» Activity: Here the job is to transcribe only the lines from the one containing "This is how" through the last line below, exactly as written; please leave out pictures.

[Saved data entries]
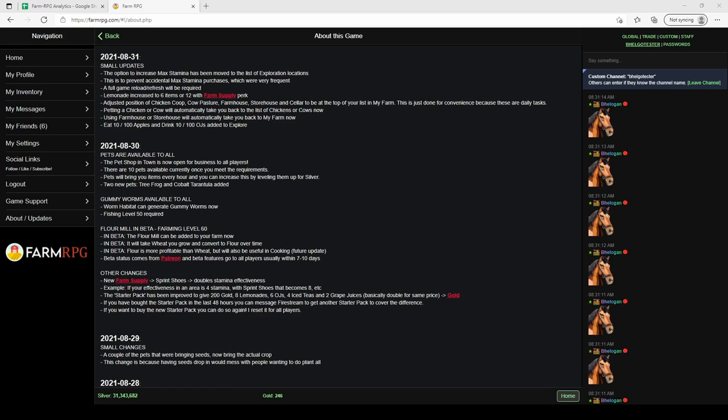Welcome to Farm RPG, Bellogin here. Today we're talking about the flour mill. This is currently in beta but should be out pretty soon. Flour mill gives us some great options and things to do with wheat and changes up the way that you do farming just a little bit.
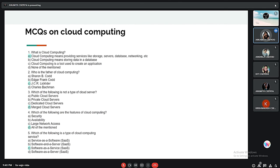MCQ on cloud computing. First question: What is cloud computing? The correct answer is that cloud computing means providing services like storage, servers, database, networking, etc. The data source can be easily accessed by an authorized user anywhere, anytime, provided the user must have an internet connection and a device.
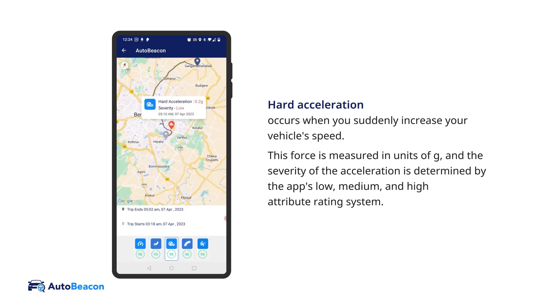Hard acceleration occurs when you suddenly increase your vehicle's speed. This force is measured in units of G, and the severity of the acceleration is determined by the app's low, medium, and high attribute rating system.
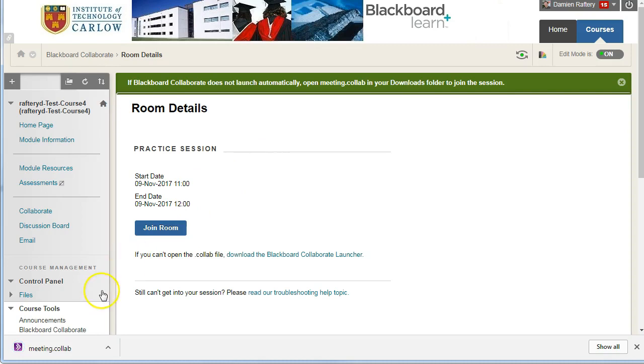It then downloads the meeting.collab, and you can then click on this, and it will launch the Collaborate session for you.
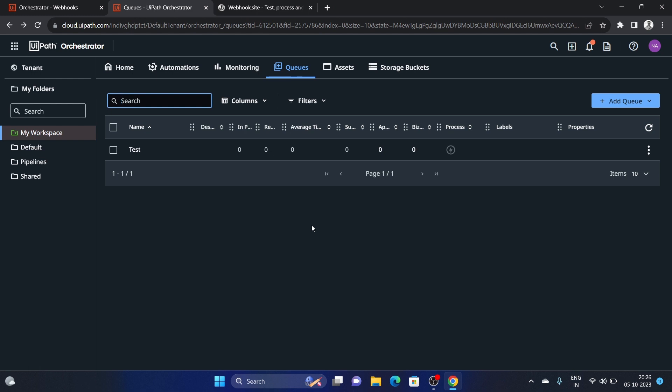This is how we can use the concept of webhooks. If you're interested in seeing how to create an API that receives this data and then sends it via email, Microsoft Teams, Slack, Discord, or integrates it with any BPM or CRM tool to get event details into your application ecosystem, let me know in the comments.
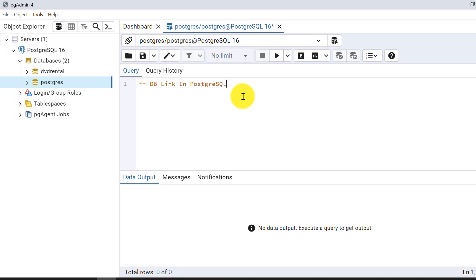I'll explain all about db-link — how to create it and how useful it is. I'll make another video covering more db-link parameters and functions.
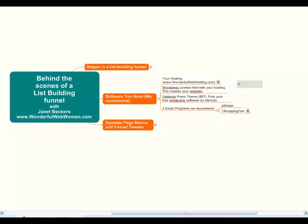The next thing you're going to need is an email program. We recommend two programs, and we use one or the other for different parts of our business. We did start with Aweber and then decided to swap over to One Shopping Cart because it has everything in one place — our shopping cart, affiliate program, everything. Aweber only does email, but honestly it does email better than anybody else on the planet, and I grieve for its functionality.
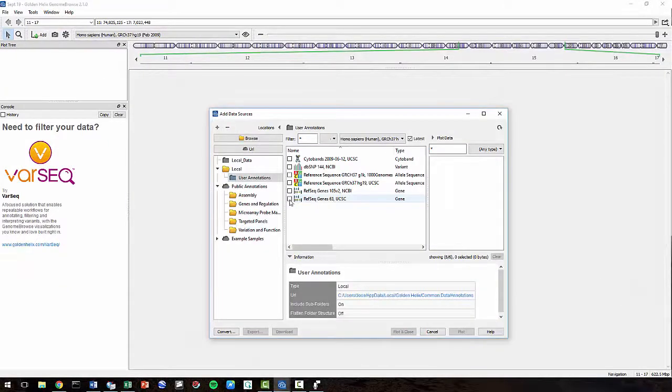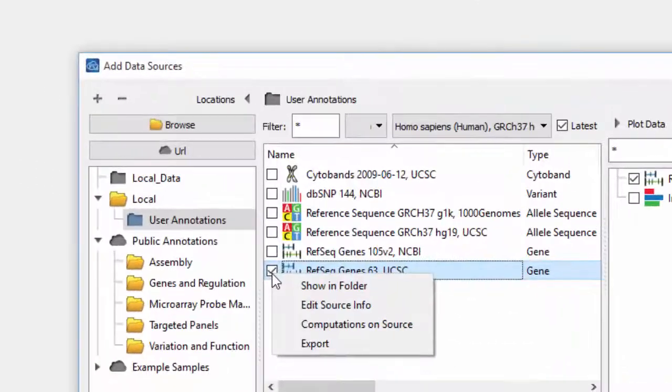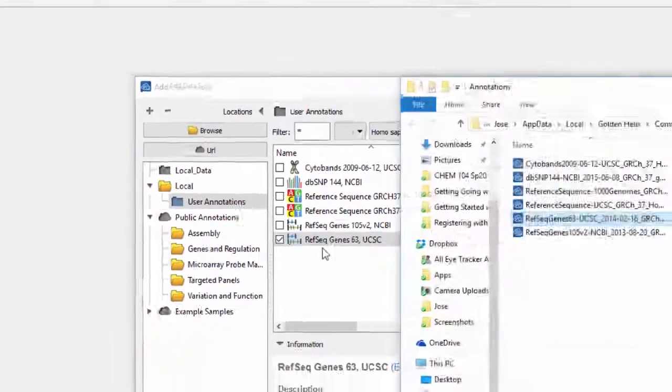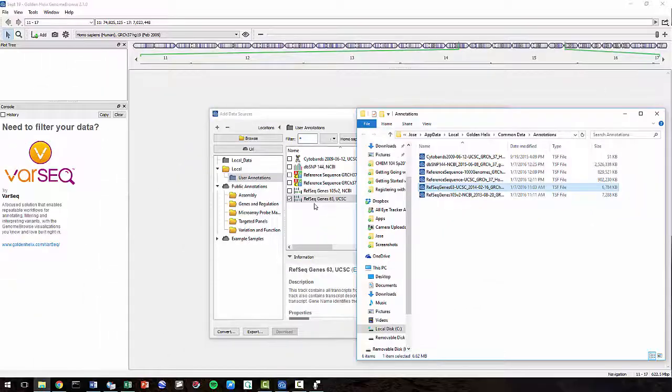Once the downloads are complete, go to User Annotations, right-click on one of these files, and select Show in Folder. Let's minimize this for now, we'll use it again in a minute.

» Answer:
This is how we can use the concept of webhooks. If you're interested in seeing how to create an API that receives this data and then sends it via email, Microsoft Teams, Slack, Discord, or integrates it with any BPM or CRM tool to get event details into your application ecosystem, let me know in the comments.
I'll explain all about db-link — how to create it and how useful it is. I'll make another video covering more db-link parameters and functions.
The next thing you're going to need is an email program. We recommend two programs, and we use one or the other for different parts of our business. We did start with Aweber and then decided to swap over to One Shopping Cart because it has everything in one place — our shopping cart, affiliate program, everything. Aweber only does email, but honestly it does email better than anybody else on the planet, and I grieve for its functionality.
Once the downloads are complete, go to User Annotations, right-click on one of these files, and select Show in Folder. Let's minimize this for now, we'll use it again in a minute.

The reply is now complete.